WHAT?! I do not agree! It’s a pretty funny assertion, but I don’t see how this is possible. It’s not very reasonable to think that a woman thinks about how her body will look less feminine if she uses her pockets. Even though this is a true statement, I just don’t think that’s why women choose to buy purses. (Ladies…please weigh in, in the comments section.)
Women typically like being prepared, without preparing.
Let me explain.
A lot, not all, but most of the women I’ve known carry purses. Of the women that do carry purses, there are many reasons why a woman carries a purse. There are a litany of things inside of that purse.
There’s gum, mints, feminine products, make-up, maybe a spare shirt, napkins, comb, brush, tissues, a travel-umbrella, lotion, lip-balm, pens, pencils, maybe ballet flats for when their feet get tired, a notebook, maybe a snack, spare change, and ninja stars!
The women’s purse can sometimes represent the, “you-never-know”, principle.
The premise of over-preparedness seems good on the surface, but is that what this reasonably is?
Hypothetically…Well this really happened.
Let’s say that a woman has to run 2 errands. A trip to the grocery store, a stop by the mall, then back home for lunch.
You DO NOT NEED ALL OF THAT STUFF IN YOUR PURSE.
But What If?
Enter the exception – AND THIS IS WHY I BELIEVE THE PURSE IS SO FULL
When on the way to the grocery store on day, you get a text:
Sarah: “Wanna have lunch?🍗”
You: “Sure. Just runnin errands, nuthin’ serious🤥”
Sarah: “Gr8, Jenny and I r goin to the cheesecake factory now. Mimosa time🥂!!”
You: “Girl u read my mind. Da kids have been lil terrors😡!”
Sarah: “Why do u think we r here 😇.”
You: “C u soon #escapefromalcatraz 🤐”
You think, this works out great:
You’ll just take a quick detour before the grocery store, you’re hungry anyway. You are meeting at the Cheesecake factory, so you’ll use the lipstick you’ve got in your purse. The leggings and running shoes you have on won’t work for the Cheesecake Factory, but the leggings and ballet flats in your purse definitely pass!
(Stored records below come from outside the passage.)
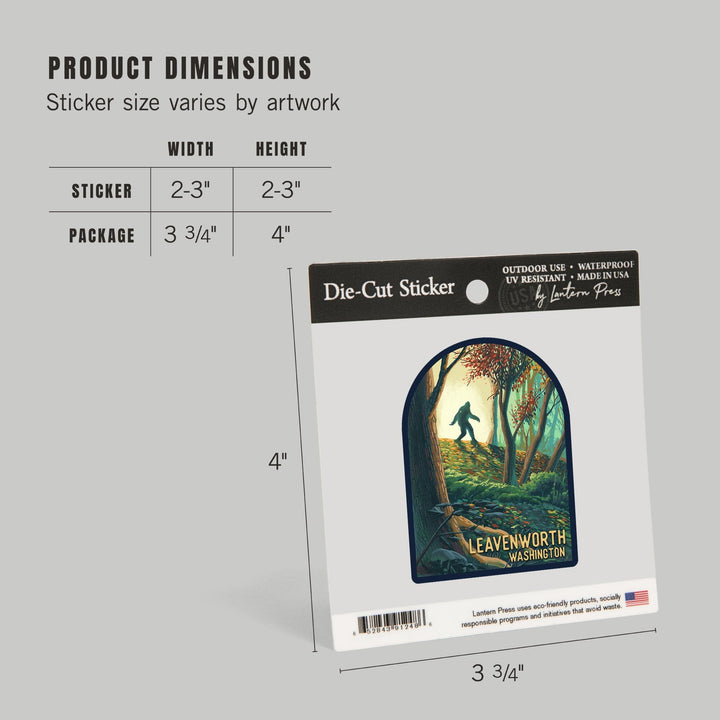 Leavenworth, Washington, Wanderer, Bigfoot in Forest, Contour, Vinyl Sticker Sticker Lantern Press 
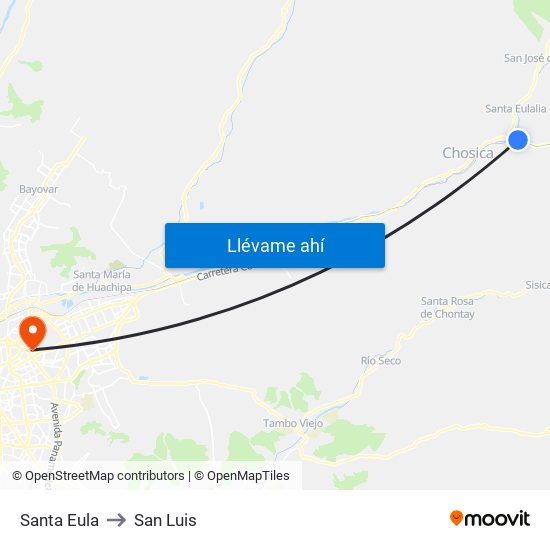 Santa Eula to San Luis map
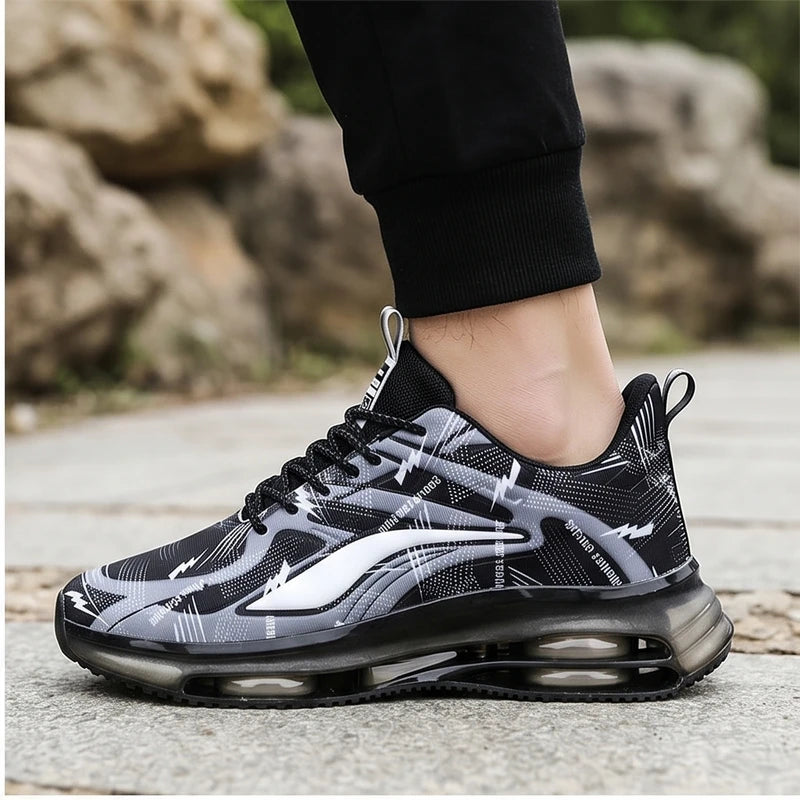 Model wearing Heise Men's Fashionable Basketball Shoes, with Air Cushioning, Comfortable and Non-Slip, Breathable and Shock-Absorbing, Suitable for Men's Outdoor Activities outdoors - 2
You put the lotion from your purse on your feet, before you put on your ballet flats. You look down and think, Yeah that works…cute!
After removing the comb and brush from your purse, you pull down your visor to tend to your hair, gotta make sure the curls are in good shape. Digging a little deeper, eye-liner, can’t hurt right?
You then fish for a tissue, you rushed putting on your lipstick and wipe off the imperfections! Perfect!
Ugh this sweatshirt just won’t work, but no matter. The racerback in your purse is much more flattering anyway!
You can’t find parking in the front of the restaurant, so you head over to the parking garage. The fact that it’s raining doesn’t phase you, and you head to the top-level of the garage, and before hopping out of the car to brave the elements, you snag the travel umbrella you have in your purse.
Your purse is your home away from home. It’s got everything you need! Why fight it?
Lunch and 4 Mimosas later…
You make the happy, refreshed, and rejuvenated walk back to your car. You swing your travel umbrella around your finger as you press the up arrow on the elevator.
As soon as you get off of the elevator, there are like 60 ninjas between you and your car!
Without hesitation, you pull the ninja stars out of your purse, scream BRING IT!!! As you sprint out of the elevator, you know that you are PREPARED FOR ANYTHING!
So duh…that’s why a women wear purses!